Prof. ST Hsieh
Director, US-China Energy Industry Forum
June 26, 2022
The following comments faithfully recorded the economic pains suffered by people all around the world. But it does not offer any lessons learned or any politicians should take some responsibilities for this “economic havoc.”
- The first question begs answer is: how we get here? Russian is to blame for starting the war, but Russia did not stop oil export. Rather it is the west sanctioned against Russian energy export and claimed that “the sanction would cut Russian oil export by three million bbl. per day!”
- It did not happen; further European nations are paying Russia up to One US billon dollars per day for its energy export. So, the strategy of sanctioning Russia energy simply does not work. Should all the smart politicians at G7 come up with a new strategy?
- OPEC, specifically OPEC+, benefits from high crude oil prices. Is it a surprise that OPEC+ would not rush to increase outputs, lowering the global oil prices?
- Refining capacity is limited, why? Under the pressure of progressive climate activists and politicians, fossil energy is dirty. There is no reason for any business to invest in major refining facilities. The last major refining complex in the US was inaugurated in 1976.
- President has to try to control US gasoline price. Control of any commodity price is anti-free market principle. What President Biden needs to focus on is how the hell we got here? Is Democratic overzealous anti-fossil energy industry policy with environmental regulations, killing pipeline projects? At the same time, the promised green energy has not delivered!
Energy: Oil prices wreak economic havoc worldwide
The Week Staff
Sun, June 26, 2022, 2:55 AM
A graphic designer in San Francisco is cutting back on dining out. A motorcycle taxi driver in Vietnam turns off his ride-hailing app rather than burn fuel during rush hour. A retiree in Germany says he is ready to give up his car. Around the world, consumers are feeling the sting from soaring gas prices, said Daniel Niemann in The Associated Press. For the first time, the average cost for a gallon of gasoline in the U.S. was over $5 last week, and it’s worse in much of the world: a gallon would cost you more than $10 in Hong Kong, $7.50 in Germany, and $8 in France. Gasoline has been “a key driver of inflation,” and it’s already changing spending habits. Much of the blame has been pinned on Russia’s invasion of Ukraine, which “jolted energy markets that were already facing tight supplies.”

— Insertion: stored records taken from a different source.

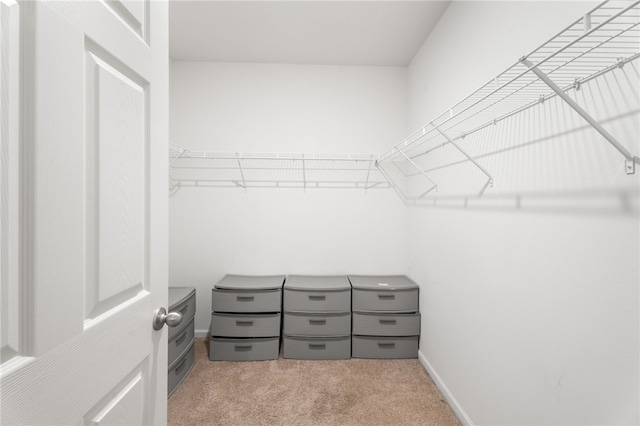 1093 Wabash Rd SE, Palm Bay, FL 32909 - spacious closet with light colored carpet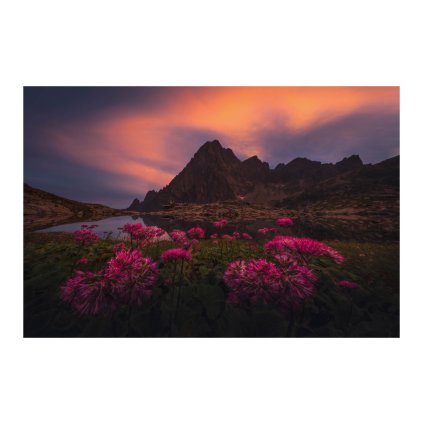 Hrebenda On Fire 40x30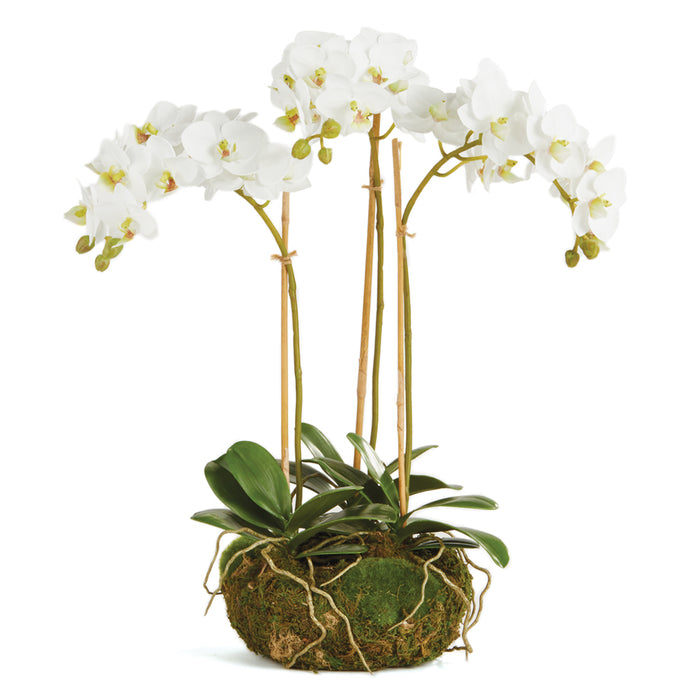 Mini Faux White Phalaenopsis Orchid Drop-in Arrangement - Well Appointed House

The global oil industry also completely underestimated “the speed with which demand” would rebound after the pandemic, said Irina Slav at OilPrice, “and how resilient this demand would be.” Russia’s invasion of Ukraine was certainly a massive “wild card” for the oil markets, but “even the known cards have refused to play into the assumptions by analysts.” OPEC, the 13-nation oil cartel, has missed its own quotas, while “pent-up post-COVID demand” has been stubbornly resistant to high prices, creating “a perfect oil storm.” Oil traders are waging heavily on gas prices remaining elevated into next year, said Javier Blas in Bloomberg. “The refining sector represents another problem,” because “the world has effectively run out of space to turn crude into usable fuels.” A global pivot away from fossil fuels has left owners wary of restarting operations or making costly upgrades. The shortage of refiners means that consumers are paying even more “to fill their tanks than oil prices suggest.”

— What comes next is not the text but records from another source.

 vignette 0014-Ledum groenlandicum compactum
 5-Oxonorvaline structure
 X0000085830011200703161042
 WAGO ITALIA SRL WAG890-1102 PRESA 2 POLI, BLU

Meanwhile, oil money keeps flowing into Russia’s coffers at a blistering pace, said Bryan Pietsch and Ellen Francis in The Washington Post. Moves by Western powers to ban Russian oil imports were supposed to be crippling. Instead, while “the volume of Russia’s fuel exports fell 15 percent in May compared with the period before the invasion,” sky-high oil prices mean “Russia may be making more revenue.” The Center for Research on Energy and Clean Air recently found that Russia made $97 billion from fossil-fuel exports in the first 100 days of the war, and its export prices “were on average 60 percent higher than last year.”

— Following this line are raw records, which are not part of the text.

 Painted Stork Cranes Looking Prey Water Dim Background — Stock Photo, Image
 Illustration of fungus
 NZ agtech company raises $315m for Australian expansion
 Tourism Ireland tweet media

No president can do much to control oil prices, but President Biden “has to try,” said Clifford Krauss in The New York Times. He will meet Crown Prince Mohammed bin Salman in Saudi Arabia in July, a trip that’s painfully reminiscent of Jimmy Carter’s flight “to Tehran in 1977 to exchange toasts with the shah of Iran.” The White House has “also been in talks with Venezuela and Iran.” Any deal with either country is “politically perilous.” But it’s the rock or the hard place for Biden, knowing voters are just as likely to “turn against presidents who seem unwilling or unable to bring” gas prices down.